Je suis bien aise aussi de saisir cette occasion de remercier les Jeunes Elèves qui ont joué ce Vaudeville d'une manière étonnante, et surtout St.-Edme, ainsi que mon ami Piccini qui a fait la charmante musique du rondeau de ce faible ouvrage. Si vous en avez encore quelqu'un qui soit tombé, dites-le moi, j'essayerai de le refaire, mais du moins ce sera avec connaissance de cause.

N'ayant pas le temps de voir mon collaborateur Rougemont, je vous écris, à mon nom, qui fut et sera toujours.

J.-A. JACQUELIN.

Troisième lettre (réponse de Cubières-Palmézeaux) :

A M. JACQUELIN.

Il y a deux jours, Monsieur, que j'ai écrit au Rédacteur du Courier des Spectacles pour vous remercier, ainsi que monsieur Rougemont, votre collaborateur, de ce que vous aviez puisé dans ma comédie intitulée : l'Épreuve Singulière, le sujet de votre Vaudeville en un acte, intitulé : l'Amour à l'anglaise. C'est le Rédacteur du Courier des Spectacles que j'ai rendu le dépositaire, non de mes plaintes, mais de ma reconnaissance. Je vous ai fait des complimens, et vous m'adressez des injures. Permettez que je vous remercie de nouveau, je craignais d'avoir tort en vous rappellant l'extrême ressemblance qui règne entre l'Épreuve Singulière et l'Amour à l'anglaise. Vous me prouvez que j'ai eu raison ; car vous n'ignorez pas le mot fameux de Lucien, Jupiter, tu te faches, donc tu as tort ; et je suis d'autant plus satisfait du triomphe que vous m'accordez par votre lettre peu civile, que j'aurais peut-être avoué ma défaite, si vous m'eussiez combattu avec les armes de la politesse et de la bonne foi.

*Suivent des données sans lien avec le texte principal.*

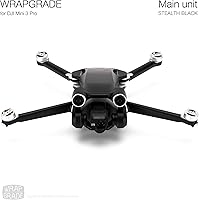 Vista 2 de WRAPGRADE Pegatinas de piel compatibles con DJI Mini 3 Pro Unidad principal (negro sigiloso)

Vous dites que vous êtes jeune, je le vois par vos expressions. Je ne le suis plus moi, dont bien me fâche. Ainsi, l'âge et l'expérience me donnent le droit de vous éclairer sur quelques reproches que vous me faites, qui sont fort étrangers à nos débats et qui naissent vraisemblablement ou de vos préventions à mou égard, ou de la vivacité de votre jeunesse; vous me dites que je suis le zoile de Boileau, ce qui certes n'a aucun rapport à l’Epreuve Singulière : et par-là vous faites allusion à mon ouvrage sur l'influence de Boileau en littérature ; mais l'avez-vous lu cet ouvrage, et si vous l'avez lu, ne trouverez-vous pas qu'il y a un pleonasme dans votre inculpation ? Boileau a dit du mal de tout le monde, et vous m'accusez d'avoir dit du mal de Boileau ? Comment, je vous prie, peut-on être le zoile d'un zoile ? lorsqu'autrefois Bavius et Mœvius critiquèrent méchamment les beaux vers du Cigne de Mantoue, ils passèrent, avec raison, pour des zoiles ; mais lorsque Voltaire fustigea si gaiement l'abbé Desfontaines dans le pauvre Diable, et lorsque J.-B. Rousseau se mocqua de Gacon dans ses épigrammes, s’avisa-t-on de les comparer au misérable censeur de l'immortel Homère ? C'est par haine pour la satire que j'ai écrit contre le plus grand de nos satiriques, et doit-on passer pour un zoile lorsqu'on cherche à venger les hommes que ce satirique a dénigrés ? Ils sont rares les vengeurs des grands hommes, ils sont communs les petits hommes qui se plaisent à les insulter. Il n'a existé qu’un Virgile, les Bavius et les Mœvius pullulent.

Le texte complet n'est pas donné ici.